Derivable and non-abstract type

It is more common to make a non-abstract derivable type than abstract type. This section covers how to make non-abstract derivable type objects. A derivable type example is an object for string. It is TStr. And its child is an object for numeric string. A numeric string is a string that expresses a number. For example, “0”, “-100” and “123.45”. The child object (numeric string) will be explained in the next section.

This section describes memory management for strings before derivable objects.

String and memory management

TStr has a string type value. It is similar to TInt or TDouble but string is more complex than int and double. When you make TStr program, you need to be careful about memory management, which is not necessary to TInt and TDouble.

String and memory

String is an array of characters that is terminated with ‘\0’. String is not a C type such as char, int, float or double. But the pointer to a character array behaves like a string type of other languages. So, we often call the pointer string.

If the pointer is NULL, it points nothing. So, the pointer is not a string. Programs with string will include bugs if you aren’t careful about NULL pointer.
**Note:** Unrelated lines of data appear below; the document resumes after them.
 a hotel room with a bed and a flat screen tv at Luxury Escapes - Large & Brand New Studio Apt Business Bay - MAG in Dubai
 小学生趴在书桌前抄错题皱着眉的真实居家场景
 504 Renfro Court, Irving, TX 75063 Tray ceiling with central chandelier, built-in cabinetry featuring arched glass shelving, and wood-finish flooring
Another annoying problem is memory allocation. Because string is an array of characters, memory allocation is necessary to create a new string. We don’t forget to allocate memory, but often forget to free the memory. It causes memory leak.

char *s;
s = g_strdup ("Hello.");
... ... ... do something with s
g_free (s);

g_strdup duplicates a string. It does:

Calculates the size of the string. The size of “Hello.” is 7 because strings are zero-terminated. The string is an array ‘H’, ‘e’, ‘l’, ‘l’, ‘o’, ‘.’ and zero (‘\0’).
Requests the system to allocate 7 bytes memories.
Copies the string to the memory.
Returns the pointer to the newly-allocated memory.
If the argument is NULL, then no memory is allocated and it returns NULL.

If the string s is no longer in use, s must be freed, which means the allocated 7 bytes must be returned to the system. g_free frees the memory.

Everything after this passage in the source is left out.